Oui, c’est bien c’que vous comprenez, Brute menace de l’émasculer. De lui couper l’kiki ! Mais non, pas l’cou ! Le pénis, le sexe, le zizi ! Voilà, vous comprenez mieux ?!

Ah oui, chose est sûre ça doit faire mal ! En même temps, petits garçons, on a d’jà évoqué l’sujet mais je rappelle que toucher les parties intimes d’une fille ça n’se fait pas ! Rappelez-vous, l’histoire des époques, des mœurs, des façons d’penser, etc. Quoi qu’il en soit, p’tits garçons, puis p’tites filles aussi, de nos jours on n’touche plus personne là où c’est privé !

Quoi ? Si maint'nant j'vais vous faire une leçon sur la passion amoureuse ? Non, mais… Mais d'où vous sortez cette idée saugrenue ?! Non mais ça n’va vraiment pas mieux vous…

– Ce serait fort dommage, gloussa la Commandante.

– Ne vous en faites pas, Brute n’osera jamais s’attaquer à un anaconda.
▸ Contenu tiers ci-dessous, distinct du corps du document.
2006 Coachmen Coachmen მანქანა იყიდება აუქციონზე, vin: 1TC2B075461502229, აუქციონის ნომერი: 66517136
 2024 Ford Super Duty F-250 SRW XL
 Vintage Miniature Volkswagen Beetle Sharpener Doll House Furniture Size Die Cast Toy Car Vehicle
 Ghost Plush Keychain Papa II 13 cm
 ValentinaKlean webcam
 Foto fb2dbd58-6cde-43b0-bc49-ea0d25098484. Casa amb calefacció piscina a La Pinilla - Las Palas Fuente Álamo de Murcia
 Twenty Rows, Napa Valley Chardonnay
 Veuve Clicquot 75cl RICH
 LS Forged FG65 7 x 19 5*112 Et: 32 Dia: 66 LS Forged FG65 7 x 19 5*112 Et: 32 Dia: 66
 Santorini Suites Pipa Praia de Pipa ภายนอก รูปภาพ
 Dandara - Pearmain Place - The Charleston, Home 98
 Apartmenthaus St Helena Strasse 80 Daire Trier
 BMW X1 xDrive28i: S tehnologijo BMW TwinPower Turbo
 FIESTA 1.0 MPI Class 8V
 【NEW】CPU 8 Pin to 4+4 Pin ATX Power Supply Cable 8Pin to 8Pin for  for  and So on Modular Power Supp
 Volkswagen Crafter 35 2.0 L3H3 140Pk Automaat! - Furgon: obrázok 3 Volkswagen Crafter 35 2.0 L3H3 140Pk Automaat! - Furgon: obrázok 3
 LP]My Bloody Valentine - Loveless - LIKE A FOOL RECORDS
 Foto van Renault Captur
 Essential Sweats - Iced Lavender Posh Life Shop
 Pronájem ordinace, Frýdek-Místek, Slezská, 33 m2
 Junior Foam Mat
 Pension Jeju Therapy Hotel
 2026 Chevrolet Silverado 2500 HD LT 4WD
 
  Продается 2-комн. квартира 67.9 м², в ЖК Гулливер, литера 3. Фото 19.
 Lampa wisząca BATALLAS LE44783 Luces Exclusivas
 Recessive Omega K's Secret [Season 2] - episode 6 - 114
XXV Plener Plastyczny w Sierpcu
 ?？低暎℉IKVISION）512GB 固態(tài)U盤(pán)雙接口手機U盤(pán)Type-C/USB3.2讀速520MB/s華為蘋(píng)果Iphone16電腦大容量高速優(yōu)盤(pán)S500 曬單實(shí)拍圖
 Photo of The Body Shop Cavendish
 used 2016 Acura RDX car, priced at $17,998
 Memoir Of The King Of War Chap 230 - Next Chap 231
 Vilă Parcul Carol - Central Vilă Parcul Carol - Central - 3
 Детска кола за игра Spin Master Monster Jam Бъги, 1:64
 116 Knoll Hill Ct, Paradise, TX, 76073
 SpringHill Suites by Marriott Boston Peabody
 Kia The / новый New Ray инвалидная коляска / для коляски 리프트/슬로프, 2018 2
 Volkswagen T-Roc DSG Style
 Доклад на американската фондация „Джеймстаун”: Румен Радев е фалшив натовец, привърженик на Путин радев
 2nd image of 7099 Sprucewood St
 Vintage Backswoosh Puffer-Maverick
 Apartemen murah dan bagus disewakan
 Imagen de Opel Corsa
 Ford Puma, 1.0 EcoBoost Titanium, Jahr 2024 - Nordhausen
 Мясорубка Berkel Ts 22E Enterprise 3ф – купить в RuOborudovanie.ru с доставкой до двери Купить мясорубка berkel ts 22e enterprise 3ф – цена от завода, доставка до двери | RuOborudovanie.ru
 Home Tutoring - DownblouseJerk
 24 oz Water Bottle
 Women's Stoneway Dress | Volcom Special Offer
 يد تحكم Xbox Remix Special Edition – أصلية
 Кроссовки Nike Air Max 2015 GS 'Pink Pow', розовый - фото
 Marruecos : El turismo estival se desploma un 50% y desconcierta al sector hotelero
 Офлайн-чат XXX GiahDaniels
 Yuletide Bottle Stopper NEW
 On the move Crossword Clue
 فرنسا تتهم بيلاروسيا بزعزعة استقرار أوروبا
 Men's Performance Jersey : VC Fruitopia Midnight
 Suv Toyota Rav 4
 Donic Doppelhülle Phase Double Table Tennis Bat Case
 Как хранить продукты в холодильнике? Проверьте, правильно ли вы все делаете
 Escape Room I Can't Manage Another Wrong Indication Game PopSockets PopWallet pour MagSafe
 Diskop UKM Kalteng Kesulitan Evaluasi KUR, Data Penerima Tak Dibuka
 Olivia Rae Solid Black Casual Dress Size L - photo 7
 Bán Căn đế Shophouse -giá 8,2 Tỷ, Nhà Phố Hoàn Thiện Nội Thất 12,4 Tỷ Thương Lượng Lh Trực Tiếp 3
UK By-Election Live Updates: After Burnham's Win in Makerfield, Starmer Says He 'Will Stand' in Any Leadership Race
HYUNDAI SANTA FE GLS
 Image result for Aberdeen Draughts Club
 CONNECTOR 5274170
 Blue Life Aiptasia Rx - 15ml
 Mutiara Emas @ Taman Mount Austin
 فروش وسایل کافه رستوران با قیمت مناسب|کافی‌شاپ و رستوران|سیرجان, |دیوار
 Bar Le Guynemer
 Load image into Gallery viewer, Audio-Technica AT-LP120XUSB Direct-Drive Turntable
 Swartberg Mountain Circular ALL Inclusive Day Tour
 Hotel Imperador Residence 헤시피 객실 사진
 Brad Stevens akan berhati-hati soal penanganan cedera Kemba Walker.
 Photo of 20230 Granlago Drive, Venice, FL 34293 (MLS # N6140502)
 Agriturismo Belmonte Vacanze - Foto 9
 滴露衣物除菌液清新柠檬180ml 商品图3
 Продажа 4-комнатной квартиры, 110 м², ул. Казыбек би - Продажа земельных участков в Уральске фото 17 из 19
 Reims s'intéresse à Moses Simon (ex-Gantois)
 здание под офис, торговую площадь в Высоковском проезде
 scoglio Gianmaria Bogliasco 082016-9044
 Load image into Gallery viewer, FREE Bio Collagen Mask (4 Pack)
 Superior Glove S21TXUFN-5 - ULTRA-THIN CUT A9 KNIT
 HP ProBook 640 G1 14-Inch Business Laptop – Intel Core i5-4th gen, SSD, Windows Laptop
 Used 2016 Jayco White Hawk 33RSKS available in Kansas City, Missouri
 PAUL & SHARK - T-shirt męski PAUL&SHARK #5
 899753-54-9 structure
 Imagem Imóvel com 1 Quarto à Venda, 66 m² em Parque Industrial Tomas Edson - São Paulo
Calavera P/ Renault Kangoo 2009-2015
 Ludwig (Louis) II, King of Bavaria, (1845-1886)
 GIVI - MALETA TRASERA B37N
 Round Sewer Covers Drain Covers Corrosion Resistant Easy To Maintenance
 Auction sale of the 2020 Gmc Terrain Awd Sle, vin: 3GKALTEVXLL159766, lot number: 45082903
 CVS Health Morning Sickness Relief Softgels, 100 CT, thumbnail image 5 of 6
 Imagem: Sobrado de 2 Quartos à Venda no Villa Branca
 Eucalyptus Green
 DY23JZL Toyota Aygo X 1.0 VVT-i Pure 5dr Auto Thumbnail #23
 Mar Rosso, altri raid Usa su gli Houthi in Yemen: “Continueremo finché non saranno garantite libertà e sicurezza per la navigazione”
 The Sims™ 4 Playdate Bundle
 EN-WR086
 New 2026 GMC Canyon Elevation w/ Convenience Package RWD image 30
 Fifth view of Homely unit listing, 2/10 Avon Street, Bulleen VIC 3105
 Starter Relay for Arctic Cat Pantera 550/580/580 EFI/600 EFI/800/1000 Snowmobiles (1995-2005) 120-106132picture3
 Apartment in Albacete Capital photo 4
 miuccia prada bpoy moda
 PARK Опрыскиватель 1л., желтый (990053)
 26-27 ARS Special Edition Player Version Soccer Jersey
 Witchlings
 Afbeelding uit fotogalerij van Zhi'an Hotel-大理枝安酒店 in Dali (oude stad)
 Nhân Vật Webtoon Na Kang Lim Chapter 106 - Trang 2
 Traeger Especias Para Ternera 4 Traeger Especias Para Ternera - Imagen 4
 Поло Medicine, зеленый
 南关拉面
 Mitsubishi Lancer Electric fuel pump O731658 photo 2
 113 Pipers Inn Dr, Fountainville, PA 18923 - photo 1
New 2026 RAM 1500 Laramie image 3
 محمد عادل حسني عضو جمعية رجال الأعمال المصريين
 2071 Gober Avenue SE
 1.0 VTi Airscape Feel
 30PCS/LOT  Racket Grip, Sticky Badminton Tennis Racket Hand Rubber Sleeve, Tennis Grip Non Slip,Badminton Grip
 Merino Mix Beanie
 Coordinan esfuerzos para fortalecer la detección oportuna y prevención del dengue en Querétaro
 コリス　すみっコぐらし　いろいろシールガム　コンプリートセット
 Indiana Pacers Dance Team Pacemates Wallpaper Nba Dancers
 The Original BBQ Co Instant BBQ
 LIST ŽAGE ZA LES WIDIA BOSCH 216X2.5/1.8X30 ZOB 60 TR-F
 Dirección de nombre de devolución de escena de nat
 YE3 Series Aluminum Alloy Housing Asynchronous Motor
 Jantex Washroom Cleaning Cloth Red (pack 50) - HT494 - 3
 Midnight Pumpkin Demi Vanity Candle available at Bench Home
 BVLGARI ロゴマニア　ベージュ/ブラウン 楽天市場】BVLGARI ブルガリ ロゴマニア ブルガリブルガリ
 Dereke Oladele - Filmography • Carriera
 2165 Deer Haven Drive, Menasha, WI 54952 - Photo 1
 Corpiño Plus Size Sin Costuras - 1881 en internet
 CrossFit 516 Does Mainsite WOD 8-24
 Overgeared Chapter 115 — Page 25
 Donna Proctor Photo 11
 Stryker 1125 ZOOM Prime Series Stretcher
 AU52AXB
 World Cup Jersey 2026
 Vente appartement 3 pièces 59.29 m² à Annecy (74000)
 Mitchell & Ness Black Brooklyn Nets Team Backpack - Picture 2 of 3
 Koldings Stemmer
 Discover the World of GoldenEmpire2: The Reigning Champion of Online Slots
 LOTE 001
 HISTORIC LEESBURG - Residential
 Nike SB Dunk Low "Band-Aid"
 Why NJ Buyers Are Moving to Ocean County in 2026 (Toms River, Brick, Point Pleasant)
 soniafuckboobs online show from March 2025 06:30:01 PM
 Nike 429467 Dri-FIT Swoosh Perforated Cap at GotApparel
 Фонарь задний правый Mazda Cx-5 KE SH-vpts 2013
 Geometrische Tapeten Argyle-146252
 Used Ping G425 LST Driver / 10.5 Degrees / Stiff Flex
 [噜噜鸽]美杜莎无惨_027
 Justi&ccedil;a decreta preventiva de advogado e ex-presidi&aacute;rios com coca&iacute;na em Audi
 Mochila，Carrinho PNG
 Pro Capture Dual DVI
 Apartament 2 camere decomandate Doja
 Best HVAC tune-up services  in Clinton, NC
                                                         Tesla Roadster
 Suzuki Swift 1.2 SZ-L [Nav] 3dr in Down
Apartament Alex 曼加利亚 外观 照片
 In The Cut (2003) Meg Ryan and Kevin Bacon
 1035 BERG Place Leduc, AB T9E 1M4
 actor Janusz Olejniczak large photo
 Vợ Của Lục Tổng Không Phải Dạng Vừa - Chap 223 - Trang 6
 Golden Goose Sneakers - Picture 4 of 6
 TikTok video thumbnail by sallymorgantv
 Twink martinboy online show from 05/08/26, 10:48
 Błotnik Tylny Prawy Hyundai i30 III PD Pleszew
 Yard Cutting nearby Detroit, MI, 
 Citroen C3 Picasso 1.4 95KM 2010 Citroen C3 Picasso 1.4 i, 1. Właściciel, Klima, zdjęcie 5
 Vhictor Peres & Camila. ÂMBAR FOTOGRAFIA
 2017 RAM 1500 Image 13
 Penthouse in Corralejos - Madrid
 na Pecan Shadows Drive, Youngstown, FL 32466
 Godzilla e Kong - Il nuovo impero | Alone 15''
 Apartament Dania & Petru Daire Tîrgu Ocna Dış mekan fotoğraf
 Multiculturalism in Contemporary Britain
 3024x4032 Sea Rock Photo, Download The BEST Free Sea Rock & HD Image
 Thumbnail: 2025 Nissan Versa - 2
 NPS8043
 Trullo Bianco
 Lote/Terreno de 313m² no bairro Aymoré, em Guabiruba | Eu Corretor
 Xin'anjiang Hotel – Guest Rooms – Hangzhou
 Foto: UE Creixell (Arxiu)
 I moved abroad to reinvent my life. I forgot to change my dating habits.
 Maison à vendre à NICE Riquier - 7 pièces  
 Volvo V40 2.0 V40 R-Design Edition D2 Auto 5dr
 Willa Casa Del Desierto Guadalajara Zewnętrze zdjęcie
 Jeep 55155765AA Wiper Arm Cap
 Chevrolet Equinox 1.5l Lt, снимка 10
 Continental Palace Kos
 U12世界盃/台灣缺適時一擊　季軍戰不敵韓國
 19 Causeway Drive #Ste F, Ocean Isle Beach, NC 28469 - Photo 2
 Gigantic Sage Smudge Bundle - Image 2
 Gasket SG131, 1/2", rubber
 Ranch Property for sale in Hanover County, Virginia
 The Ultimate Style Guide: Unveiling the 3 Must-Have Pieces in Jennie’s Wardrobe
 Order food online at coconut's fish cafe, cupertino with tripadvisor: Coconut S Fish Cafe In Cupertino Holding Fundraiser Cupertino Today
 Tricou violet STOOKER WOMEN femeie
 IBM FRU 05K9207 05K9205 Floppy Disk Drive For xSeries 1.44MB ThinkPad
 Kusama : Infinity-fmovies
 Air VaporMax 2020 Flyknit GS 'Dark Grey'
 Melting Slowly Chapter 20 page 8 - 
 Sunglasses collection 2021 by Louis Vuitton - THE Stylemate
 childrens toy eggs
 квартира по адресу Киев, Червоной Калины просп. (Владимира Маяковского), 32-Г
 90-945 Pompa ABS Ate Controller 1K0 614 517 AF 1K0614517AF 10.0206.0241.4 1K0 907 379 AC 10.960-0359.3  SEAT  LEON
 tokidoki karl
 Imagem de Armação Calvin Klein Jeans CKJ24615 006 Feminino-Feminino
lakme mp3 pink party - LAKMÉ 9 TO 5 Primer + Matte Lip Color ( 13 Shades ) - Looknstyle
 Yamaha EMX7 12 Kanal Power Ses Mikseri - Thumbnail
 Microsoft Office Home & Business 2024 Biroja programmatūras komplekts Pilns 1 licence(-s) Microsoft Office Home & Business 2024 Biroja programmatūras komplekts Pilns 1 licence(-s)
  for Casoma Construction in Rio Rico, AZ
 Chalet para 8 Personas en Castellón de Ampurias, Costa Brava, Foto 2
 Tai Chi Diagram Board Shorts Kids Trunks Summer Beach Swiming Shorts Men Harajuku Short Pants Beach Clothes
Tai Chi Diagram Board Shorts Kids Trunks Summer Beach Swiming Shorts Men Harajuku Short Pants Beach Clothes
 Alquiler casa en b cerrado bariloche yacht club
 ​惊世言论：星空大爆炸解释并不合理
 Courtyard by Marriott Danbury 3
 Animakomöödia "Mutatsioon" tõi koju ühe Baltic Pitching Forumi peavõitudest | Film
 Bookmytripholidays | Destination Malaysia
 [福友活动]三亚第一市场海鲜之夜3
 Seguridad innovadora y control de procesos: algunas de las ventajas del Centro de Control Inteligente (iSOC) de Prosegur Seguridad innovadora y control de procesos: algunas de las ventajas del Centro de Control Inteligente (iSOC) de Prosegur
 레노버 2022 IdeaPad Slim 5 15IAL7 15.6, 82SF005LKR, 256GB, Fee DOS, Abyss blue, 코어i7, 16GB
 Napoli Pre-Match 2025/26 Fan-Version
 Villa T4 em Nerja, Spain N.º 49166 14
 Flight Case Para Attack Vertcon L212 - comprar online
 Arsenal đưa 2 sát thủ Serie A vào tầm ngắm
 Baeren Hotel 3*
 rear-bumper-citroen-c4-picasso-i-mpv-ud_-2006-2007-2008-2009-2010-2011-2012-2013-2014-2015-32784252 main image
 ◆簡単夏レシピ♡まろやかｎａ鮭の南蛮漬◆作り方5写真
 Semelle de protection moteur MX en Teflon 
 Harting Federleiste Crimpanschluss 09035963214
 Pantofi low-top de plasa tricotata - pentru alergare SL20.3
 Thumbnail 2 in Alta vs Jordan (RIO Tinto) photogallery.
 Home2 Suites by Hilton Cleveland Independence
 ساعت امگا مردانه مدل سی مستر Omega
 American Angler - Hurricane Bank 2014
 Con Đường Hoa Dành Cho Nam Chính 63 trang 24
– Pfff, firent-elles en chœur.

Brute nagea sur quelques mètres afin de prendre un peu de distance avec le Capitaine. Il n’essaya pas de la retenir. Une fois prête, il recommença depuis le début :

– Je vous dois la vérité sur mon voyage.

– Hum, permettez-moi de vous demander : pourquoi ? Après tout, vous êtes là, le comment de votre voyage m’importe peu, déclara la Commandante.

– Euh…

Le Capitaine rectifia :

– Je la dois à Brute, pour la persuader et qu’elle puisse se décider en connaissance de cause, sans regret et avec certitude. Je vous la dois Commandante, pour votre exaltation, votre excitation, pour que vous puissiez m’admirer. Je la dois à la mémoire de Second, pour… sa mémoire. Je la dois à la Générale, pour qu’elle soit pleinement convaincue de son champion. À tous je vous la dois, la vérité !

– Rien que cela, douta la Commandante.

– Une fois révélée, jamais plus quiconque n’insinuera que j’ai été faible, ne pensera que j’ai été tenu en échec par une petite tempête, n’émettra le moindre doute sur mon sauvetage de Second. Le monde verra, saura, que le héros c’est moi et que Second me doit la vie !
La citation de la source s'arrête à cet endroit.